Since part of the impetus for this blog is metrics, I have a vested interest in anything that considers channel shift and channel service comparison, which the benchmarks can, so I’m interested!

Unsurprisingly, one of my colleagues, Glyn Evans, commented upon Birmingham’s employment of ‘business value’, an approach that was generally found acceptable given that much of the value of I.T. initiatives is sometimes lost in the tradition of ‘bean counting’, hence I’ve labelled the soft alternative ‘beat counting’!

My own researches have included side investigations into ‘public value’ and ‘social capital’ as possible metrics, which whilst of no assistance on their own, may be able to be employed as parallel accounting contibutions, given sufficient focus upon what the citizen wants and needs.

Any thoughts out there?


Public value and satisfaction

May 3, 2008

Just reading Mark H Moore’s paper from the The Hauser Center for Nonprofit Organizations, Harvard University, The Public Value Scorecard: A Rejoinder and an Alternative to “Strategic Pareformance Measurement and Management in Non-Profit Organizations” by Robert Kaplan, published in May 2003 and available here: http://ssrn.com/abstract=402880

Moore’s analysis of the Balanced Scorecard in terms of the not-for-profit sector is useful is reminding us of some particular issues:

Moore (2003, p. 5) “What the financial measures do not tell them, however, is how much public value they have produced.”

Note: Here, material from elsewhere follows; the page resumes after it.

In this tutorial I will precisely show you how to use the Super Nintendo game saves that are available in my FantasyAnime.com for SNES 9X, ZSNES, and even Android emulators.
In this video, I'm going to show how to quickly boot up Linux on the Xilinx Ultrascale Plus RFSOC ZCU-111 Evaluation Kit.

Moore (2003, p. 6) “Nonprofit managers, on the other hand, need non-financial measures to tell them whether they have used their financial resources as effective means for creating publicly valuable results.”

Moore (2003, p. 7) develeops the concepts of the downstream and the upstream “customers” of not-for-profit organisations. The downstream customers are the ones in receipt of good or services whilst the upstream are the donors and governments. I presume in this sense, all tax payers plus the government are upstream, whilst when we are in receipt of a service we are downstream.

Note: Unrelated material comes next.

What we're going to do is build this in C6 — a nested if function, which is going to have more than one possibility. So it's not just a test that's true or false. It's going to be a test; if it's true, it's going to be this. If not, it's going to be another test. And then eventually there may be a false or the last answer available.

However Moore (2003, p. 7) does state that “it is often true that both donors and governments want something different (or more) than the satisfaction of the clients the nonprofit organizations serve.” In that they wish to achieve social outcomes.

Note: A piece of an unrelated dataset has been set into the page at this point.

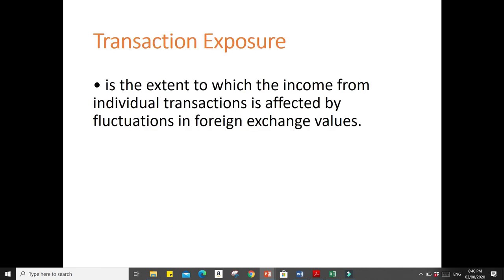Let's proceed to transaction exposure. Transaction exposure is the extent to which the income from individual transactions is affected by fluctuations in foreign exchange values. Such exposure includes obligations for the purchase or sale of goods and services at previously agreed prices and the borrowing or lending of funds in foreign currencies. For example, suppose you have agreed to purchase a machine in the US amounting to $150 million and the current exchange rate is $1 equivalent to 50 pesos, which would be 7.5 billion pesos.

Moore (2003, p. eight) focuses on the pooling of resources between not-for-profit organisations leading to the ‘Public Value Strategy’.

Whist attacking the theory that a small number of outcome measures are sufficient, Moore (2003, p.13), he does argue that a mix of outcome, output, process and input measures are a necessity.

A lot of the public value work was covered in ‘Creating Public Value – Strategic Management in Government’, Mark H. Moore, Harvard University Press, 1996. Particlarly Moore (1996, p.36) where an interesting discussion arises over the use of customer satisfaction and examples of where it should or could not be used!

None of this dissuades me from the theory I am proposing, since I believe that satisfaction with service delivery or importantly feedback when not satisfied should lead to improving social outcomes or public value, which can satisfy all the upstream customers at the same time as improving matters for the later downstream ones.

Have a look at his paper if you haven’t come across the Public Value Scorecard, it has some useful ideas.


Public Value, Social Capital and other fun metrics

March 15, 2008

In the course of my study of the literature I have had to consider some other ways of measuring the value of electronic government. One of the terms that has been used in recent years is Public Value and a document on the Cabinet Office web site by Kelly, Mulgan & Muers provides some background to this:

http://www.cabinetoffice.gov.uk/upload/assets/www.cabinetoffice.gov.uk/strategy/public_value2.pdf

Another term is Social Capital, but this is possibly even more difficult to measure, as a review of the literature by the Office of National Statistics demonstrates:

http://www.statistics.gov.uk/socialcapital/downloads/soccaplitreview.pdf

Hence my reason for wanting to examine ‘satisfaction’  versus ‘dissatisfaction’, with explanatory comments for success or failure in service delivery and hence as a means of improving channels!